The reasons we have confidence in the reliability of the New Testament documents are many. I wrote about that here and these sites, and, are worth visiting for more information on that. A few of the primary reasons are that they were written close to the time of the events they record by eyewitnesses or their associates, as I’ve already noted above. That’s three reasons: proximity in time, personal eyewitness testimony, and they were written down. The Catholic Church would have us believe that oral transmission over generations is as reliable as written transmission from the generation of the apostles themselves.

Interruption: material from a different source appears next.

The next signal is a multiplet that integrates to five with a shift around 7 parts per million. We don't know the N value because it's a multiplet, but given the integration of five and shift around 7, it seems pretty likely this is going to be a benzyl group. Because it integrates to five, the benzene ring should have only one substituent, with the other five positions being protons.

So whereas non-Catholic Christians have the Bible as the revelation of God as our authority, Catholics have Sacred Tradition and the church magisterium as theirs. Because though they acknowledge the Bible as divinely inspired, they teach that it can only be properly interpreted and understood through the revelation found in Tradition and handed down and taught by the Pope and bishops.

I wrote about Sacred Tradition last year when I did my month-long series on the Catholic Church. But I’m addressing it again now because recent events highlight the importance of who or what is appealed to as the ultimate authority in an individual’s life. Do Muslims have the wealth of evidence to support their belief in Allah as revealed in the Quran as Christians do to base our belief in Jesus as God? Not even close.

And neither does the Roman Catholic Church have enough good evidence to support their contention that they are the one, true church with the sole authority to determine what is divinely inspired teaching, and that peculiar doctrines like the perpetual virginity of Mary and her bodily assumption into heaven are to be believed on as surely as that Jesus died, was buried, and rose again.